The UNHCR and its partners were building 200 shelters and providing assistance, but more resources were needed to scale up the response.
Baloch said the massacre came just a few weeks after some attackers shot at the vehicles of the UNHCR and other aid organisations on the road between the city of Dori and the Goudoubo camp, housing some 12,200 Malian refugees and asylum seekers.
While no one was injured in that attack, he warned that “growing insecurity and the presence of armed groups in several regions of Burkina Faso increasingly hamper the delivery of aid and protection for those in need”.
The UNHCR, he said, “calls for concerted action to reinforce the protection of civilians and reminds all parties that humanitarian organisations are carrying out life-saving interventions in an independent and impartial manner.”

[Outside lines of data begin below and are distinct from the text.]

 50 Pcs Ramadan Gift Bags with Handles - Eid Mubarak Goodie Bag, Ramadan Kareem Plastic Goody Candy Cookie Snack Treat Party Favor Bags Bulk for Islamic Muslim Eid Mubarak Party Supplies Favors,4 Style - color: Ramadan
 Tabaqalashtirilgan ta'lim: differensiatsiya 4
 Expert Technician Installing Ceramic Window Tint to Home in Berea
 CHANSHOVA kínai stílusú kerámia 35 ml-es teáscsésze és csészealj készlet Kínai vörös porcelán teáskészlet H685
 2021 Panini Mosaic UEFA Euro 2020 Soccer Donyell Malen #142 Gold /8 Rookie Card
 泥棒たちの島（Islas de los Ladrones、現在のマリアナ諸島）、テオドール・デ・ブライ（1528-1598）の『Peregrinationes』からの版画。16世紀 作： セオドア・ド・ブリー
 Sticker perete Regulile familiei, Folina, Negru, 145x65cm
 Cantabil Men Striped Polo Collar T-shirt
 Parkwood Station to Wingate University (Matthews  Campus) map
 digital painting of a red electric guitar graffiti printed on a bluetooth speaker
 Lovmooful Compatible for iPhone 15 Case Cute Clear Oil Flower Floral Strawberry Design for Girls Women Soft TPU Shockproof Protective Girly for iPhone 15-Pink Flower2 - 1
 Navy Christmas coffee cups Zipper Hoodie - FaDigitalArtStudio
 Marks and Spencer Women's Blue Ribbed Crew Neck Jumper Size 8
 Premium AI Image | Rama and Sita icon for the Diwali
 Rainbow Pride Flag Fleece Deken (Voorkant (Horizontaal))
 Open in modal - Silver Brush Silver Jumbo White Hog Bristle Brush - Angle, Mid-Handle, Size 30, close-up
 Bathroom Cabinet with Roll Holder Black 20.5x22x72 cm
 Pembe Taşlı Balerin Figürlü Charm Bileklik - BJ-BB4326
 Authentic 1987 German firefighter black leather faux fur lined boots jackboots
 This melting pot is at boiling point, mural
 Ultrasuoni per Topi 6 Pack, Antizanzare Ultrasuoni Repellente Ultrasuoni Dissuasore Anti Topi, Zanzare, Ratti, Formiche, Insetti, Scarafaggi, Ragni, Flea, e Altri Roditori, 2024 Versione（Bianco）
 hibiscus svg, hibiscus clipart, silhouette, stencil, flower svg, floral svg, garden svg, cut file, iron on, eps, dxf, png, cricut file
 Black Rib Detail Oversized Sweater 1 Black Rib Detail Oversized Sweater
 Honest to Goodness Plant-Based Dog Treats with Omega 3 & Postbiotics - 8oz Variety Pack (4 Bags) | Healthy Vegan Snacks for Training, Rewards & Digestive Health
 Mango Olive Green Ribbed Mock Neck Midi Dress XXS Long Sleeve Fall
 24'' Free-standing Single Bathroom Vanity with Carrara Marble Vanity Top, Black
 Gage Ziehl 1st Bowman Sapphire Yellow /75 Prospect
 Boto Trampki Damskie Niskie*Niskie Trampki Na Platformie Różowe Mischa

Since 2015, Burkina Faso has struggled to fight back against increasingly frequent and deadly attacks from armed groups, including the Group to Support Islam and Muslims (GSIM) and the Islamic State in the Greater Sahara (EIGS).
The attacks, which have killed at least 1,400 people, first started in the north near the Mali border, but have since spread to other regions, particularly in the east.
“We’ve been fighting terrorism for some time and we’ve had some victories,” Prime Minister Dabire said. “But every time there are new challenges that appear.”
Since 2019, violence in the country has forced more than 1.2 million people to flee their homes, according to the UNHCR numbers.
Since the start of this year, some 150,000 people have become internally displaced in the country, Baloch said, adding that 84 percent of them were women and children.